[PROBLEM DETAILS]
Please transcribe exactly the line that holds "Creator De Personaj: Motoholic" and all lines that follow it to the end of the records below, omitting any pictures.

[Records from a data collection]
--*--

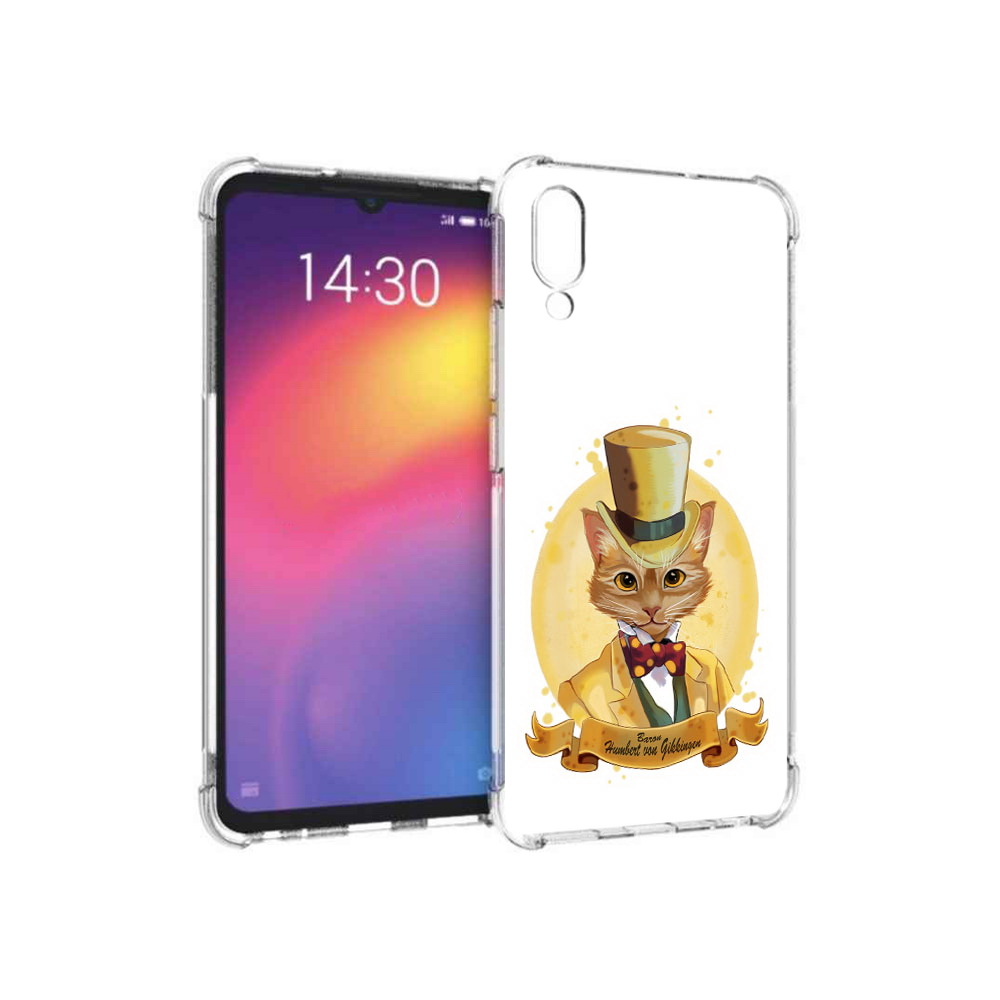 

Чехол MyPads Tocco для Meizu Note 9 кот юрист (PT134513.88.401), Прозрачный, Tocco
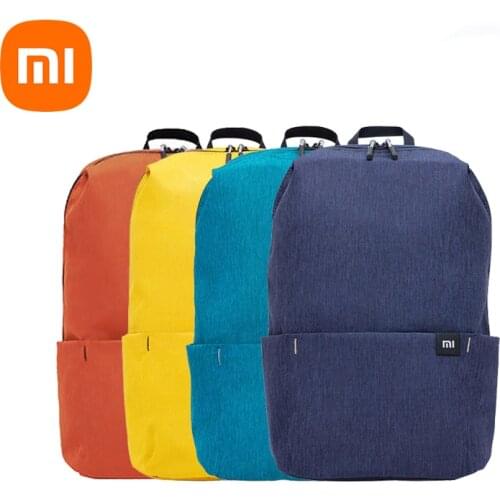 Xiaomi Backpack Men Women Small Bag 10L Colorful Daily Leisure Urban Unisex Sports Traveal Backpacks Orange Yellow Boy Girls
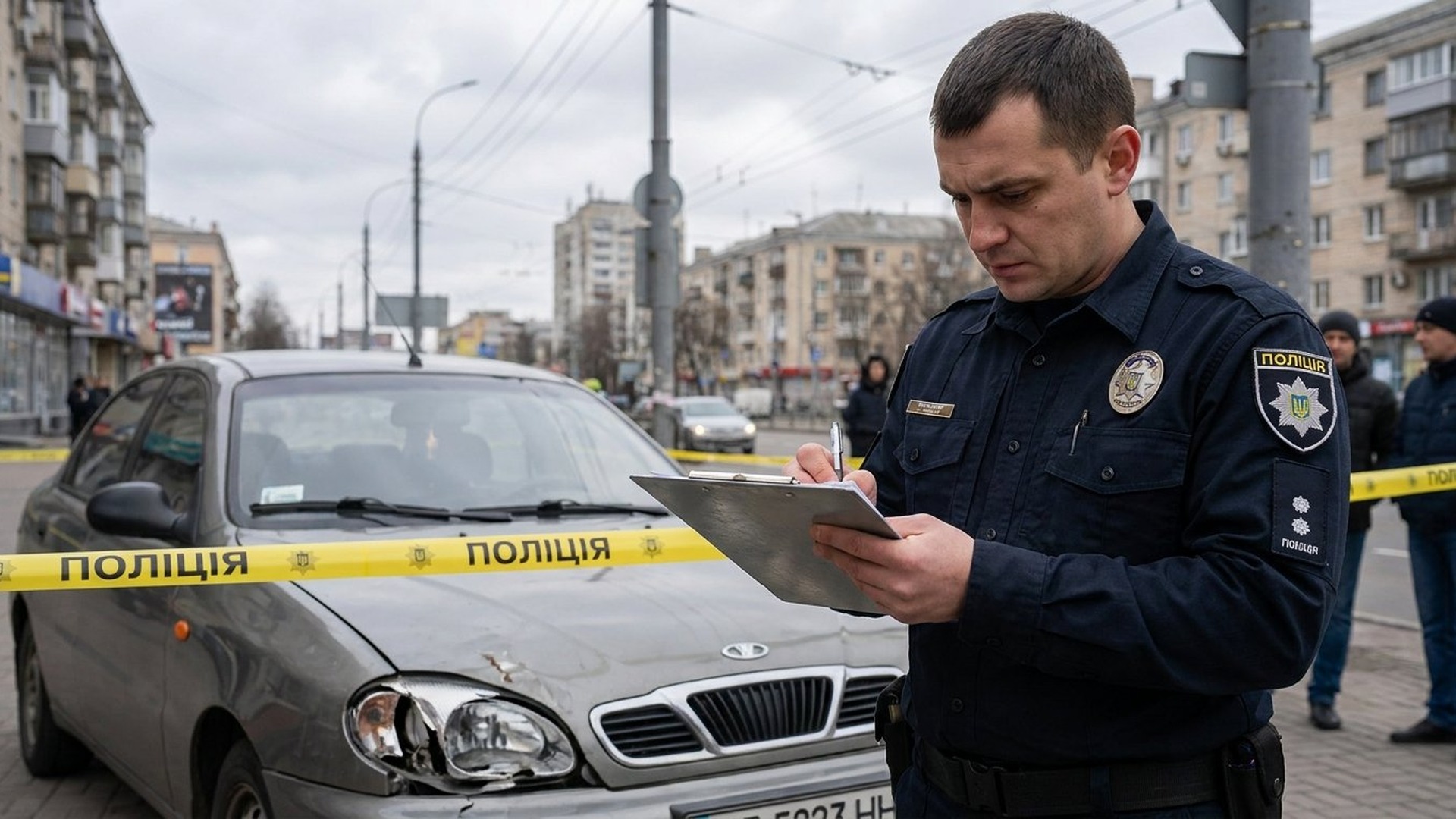 ДТП аварія патрульна поліція місто ілюстративне фото дорожньо-транспортна пригода Львівщина 2026
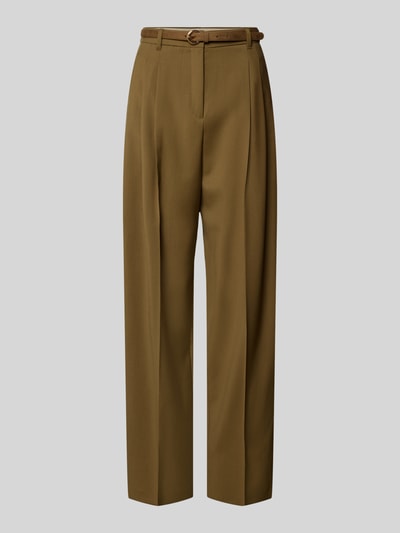 Max Mara Studio Wide leg broek van pure scheerwol Kaki - 2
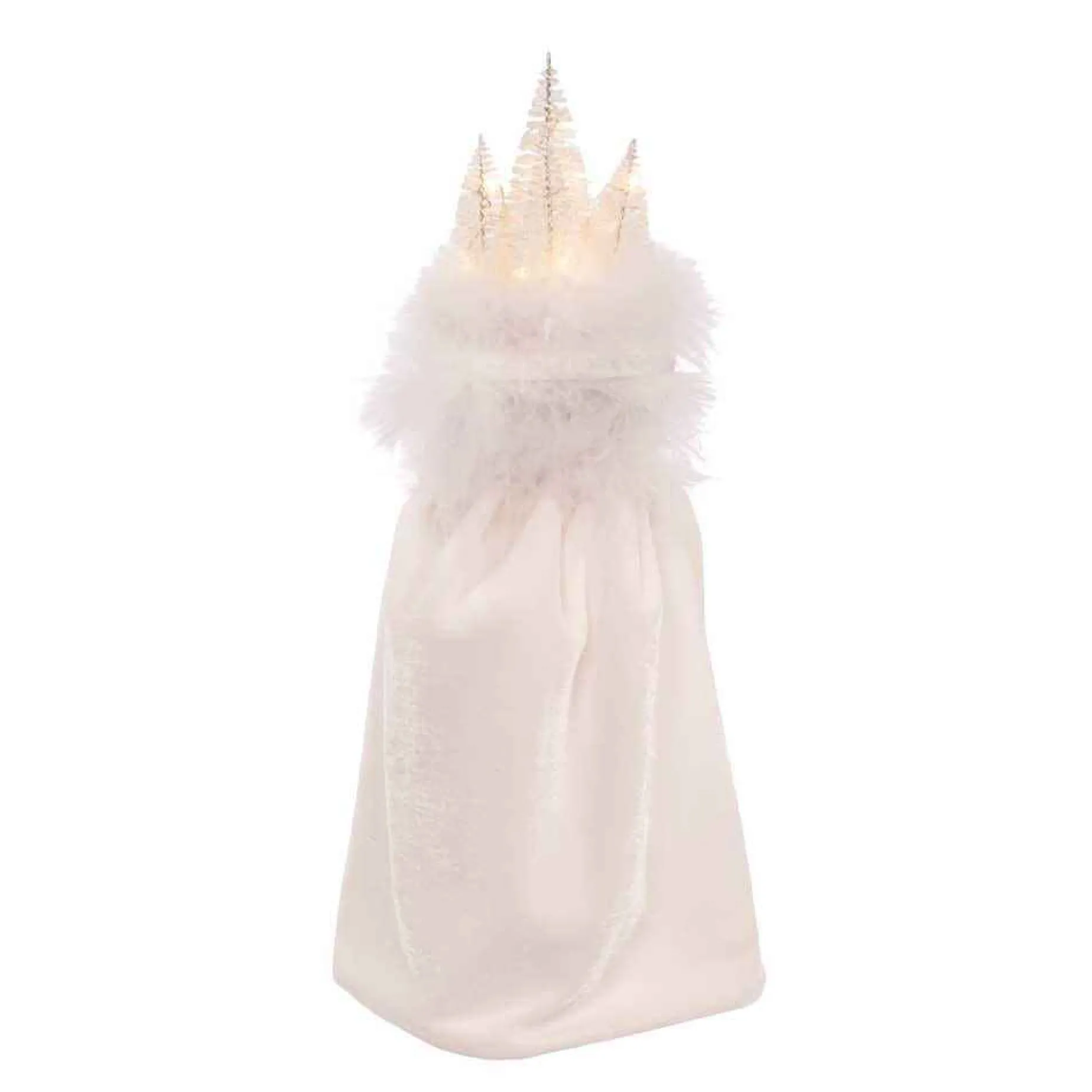 Kurt Adler 15-Inch Hollywood White Winter Led Hat Nutcracker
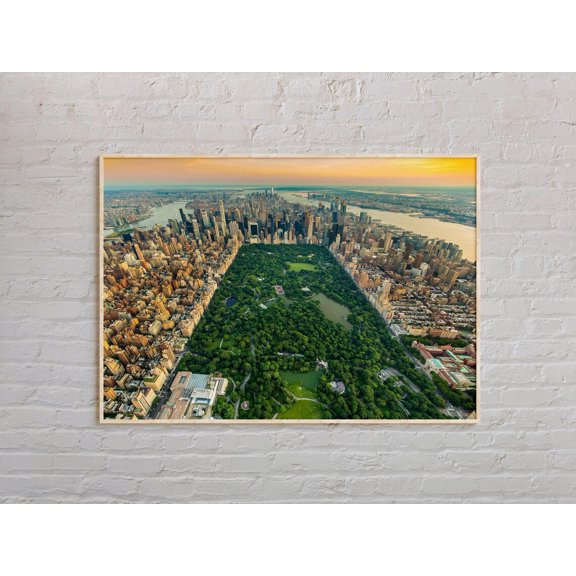 Real Photo Central Park Print Central Park Wall Art Central Park Central Park Photo New York City Print New York, Unframed Paper Print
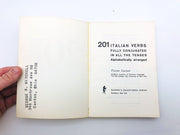 201 Italian Verbs Paperback Vincent Luciani 1966 Fully Conjugated 6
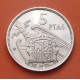 ESPAÑA 5 PESETAS 1957 * 73 ESTADO ESPAÑOL FRANCISCO FRANCO KM.786 MONEDA DE NICKEL @PROOF@ PRUEBA DE CARTERA FNMT 1973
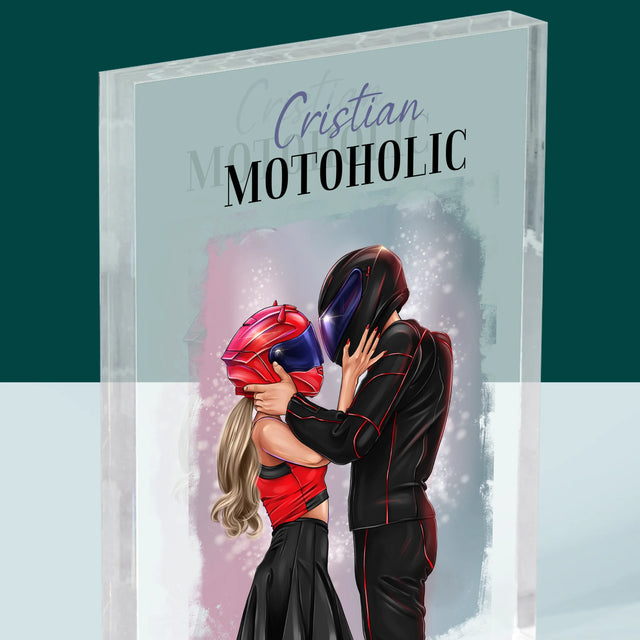 Creator De Personaj: Motoholic - Bloc Acrilic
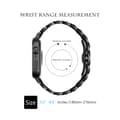 Miniatyrbilde 6 av 6: INF WatchFit 3 Smart Watch-reim med syvperlekjede i stål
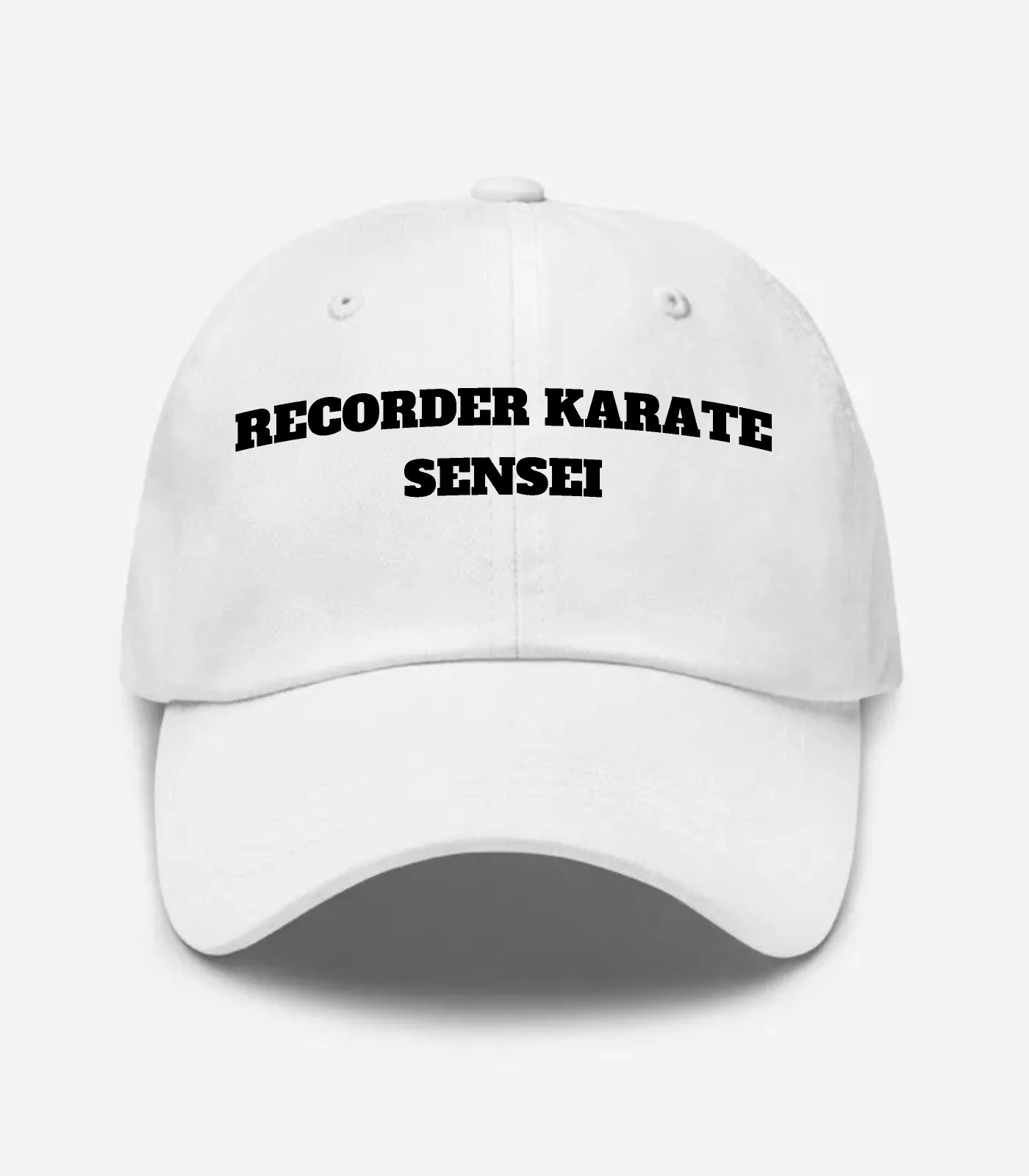 Recorder Karate Sensei Hat - White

--*--

[EXERCISE RESPONSE]
 Creator De Personaj: Motoholic - Bloc Acrilic
 Miniatyrbilde 6 av 6: INF WatchFit 3 Smart Watch-reim med syvperlekjede i stål
 Recorder Karate Sensei Hat - White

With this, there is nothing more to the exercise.